The CEO, Ralph Norris, set a target that customisation of the COTS product should not exceed 10% of the requirements. The program team were required to manage to this target, measure adherence to it, and report back to the CEO on a monthly basis as part of a balanced scorecard report.
The target of less than 10% was defined as the percentage of non-standard requirements, i.e. requirements not met through “out of the box” functionality. This is calculated by totalling non-standard SAP Reports and non-standard SAP Extensions (i.e. modules) and measuring these as a percentage of Total SAP Business Requirements.
Some of the key activities required to keep the customisation level to appropriate levels included;
- A review and understanding of “standard processes” offered by package
- Adaption of current business processes to align with these out of the box offerings
- Set-up and monitoring of a process to accept deviations from the “Standard”

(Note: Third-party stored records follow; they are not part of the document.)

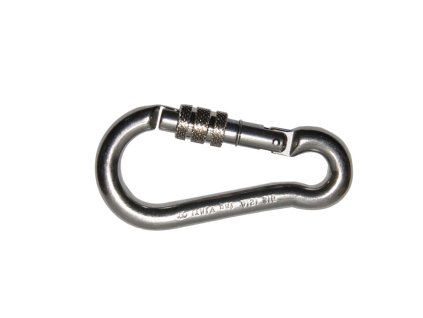 KONG AISI 316 SKRUTKOVÝ UZÁVER KONG CARABINE (Varianta AISI 316 SCREW CLOSURE KONG CARABINE Ø MM.10X100)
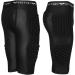 Medium Protective Padded Compression Shorts for Snowboard, Skate, Ski, Football, Basketball - Hip, Butt, and Tailbone Padding - Buy Online on GoSupps.com
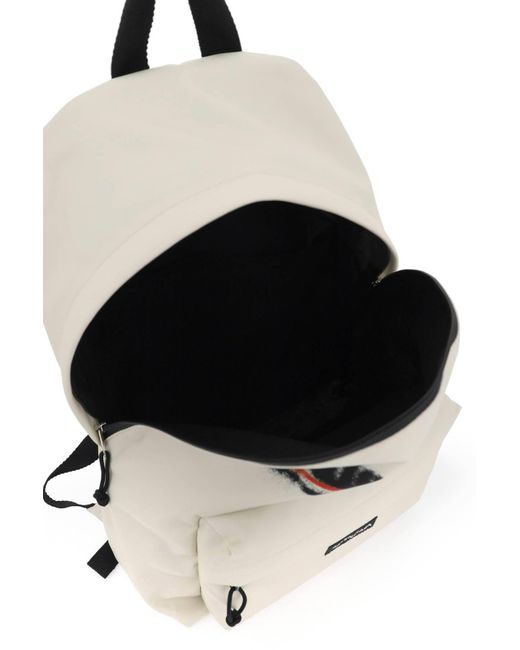 Balenciaga White Explorer Backpack for men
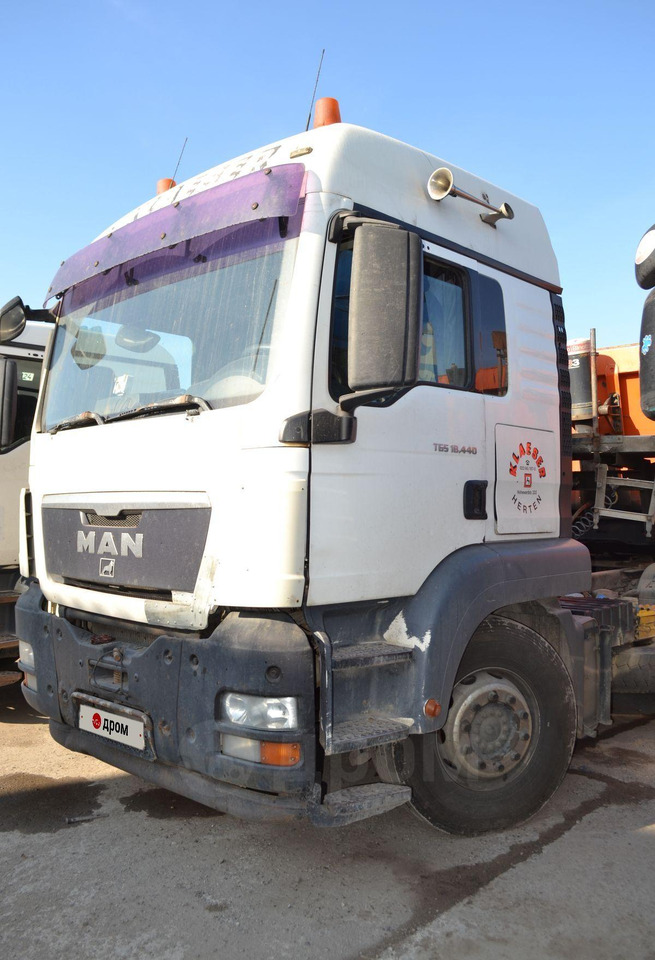 MAN TGS 33.440 - Тягач: фото 2 MAN TGS 33.440 - Тягач: фото 2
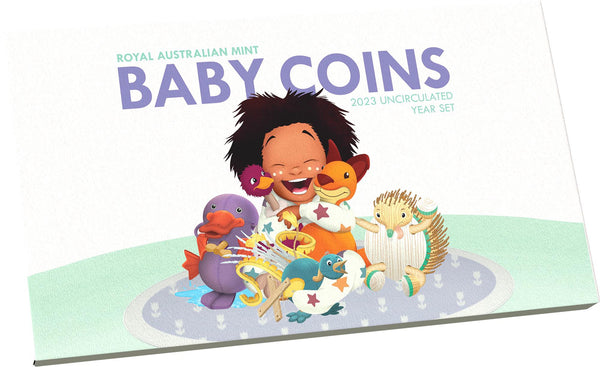 2023 Baby Mint Set with Medallion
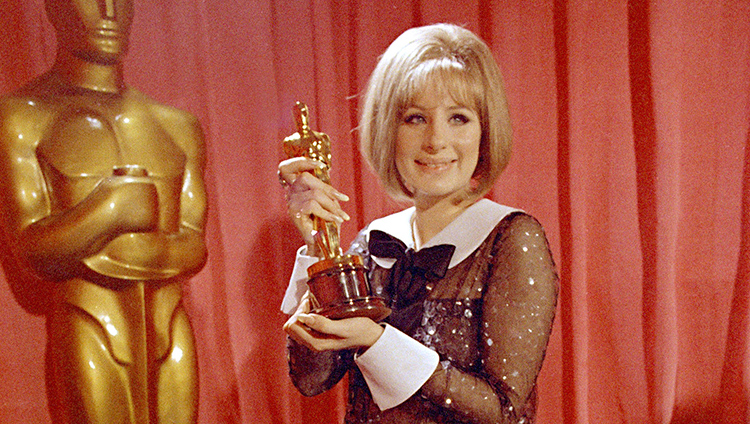 Со своим первым «Оскаром» (1969)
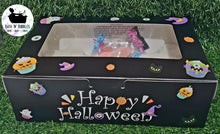 Load image into Gallery viewer, Halloween Paint My Own Bath Bombs Box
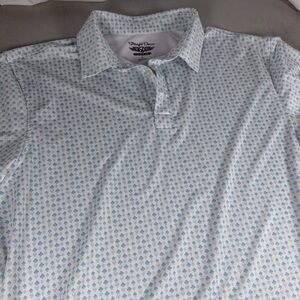 Straight Down BNP Paribas Open Polo Card Suits L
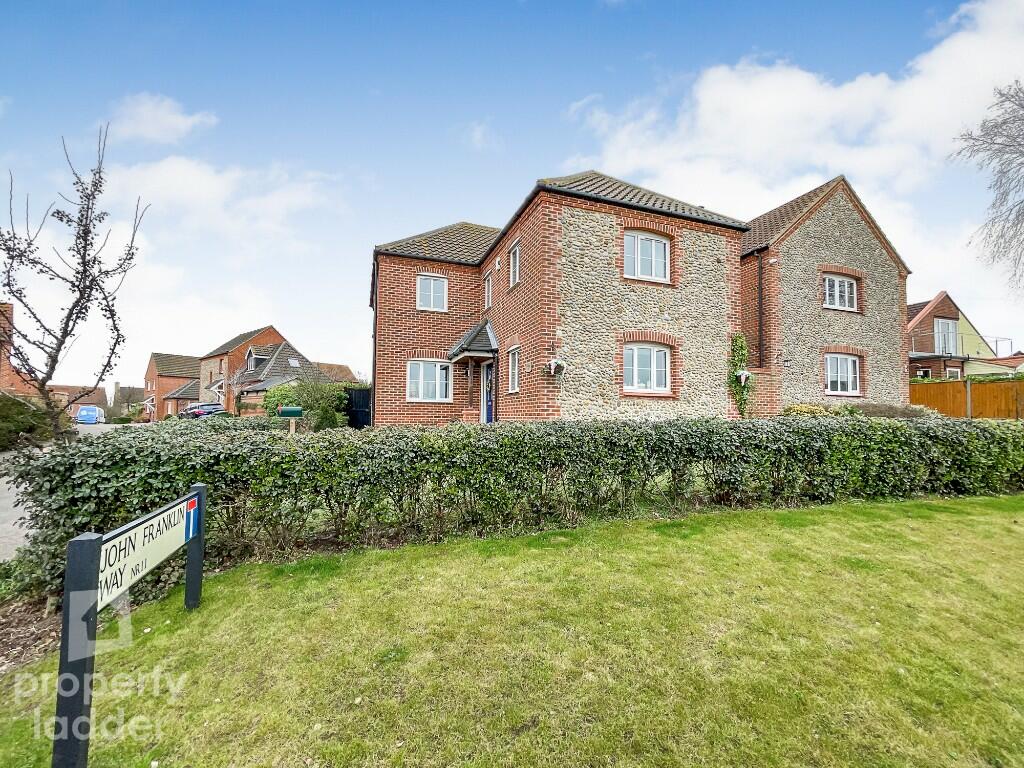 4 bedroom detached house for sale in John Franklin Way, ERPINGHAM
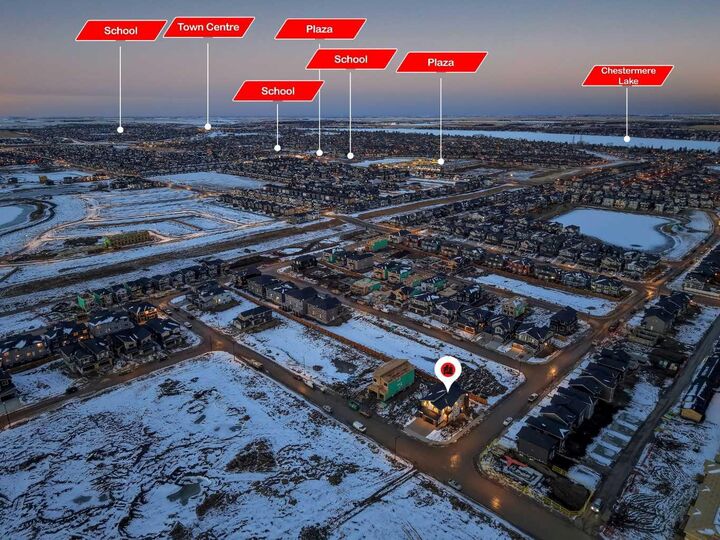 Property Photo: 153 Waterford Passage AB T1X 3B6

- Product release and upgrade planning to ensure accepted deviations do not impact future standard upgrade options
The adaption to the Standard impacted all phases of the System Development Life Cycle. Examples of these include;
Planning phase:
- Inclusion in the business case of tolerance levels for product customisation
- Strategic engagement with the Vendor to include into the Standard geographic customisations required for Australian conditions – for example Australian tax laws
Analyse phase:
- Design workshops to focus on what exists in Standard, and highlight opportunities to challenge past history to reduce need for change of standard
- Focus on key architectural directions to ensure alignment, and not drive need for exceptions
Design phase:
- Changes to measurement metric to ensure design stays within desired parameters. Ensure exception decisions are escalated and clearly visible in design documentation
Build & Test phase:
- Ensure build and testing ensure future upgradability is maintained
Deployment & Run phase:
- Ensure package upgrades (service packs and main releases) are keep current and aligned with set policies
There was also a key opportunity that existed in initial contract negotiations for the COTS product to ensure that either geographic region customisations or on program advancement of the product was included back into Standard by the Vendor, thereby reducing future costs of customisations.
Based on this executive level relationship, and a strong working relationship with the Vendor resulted in only 7.5% of customisations.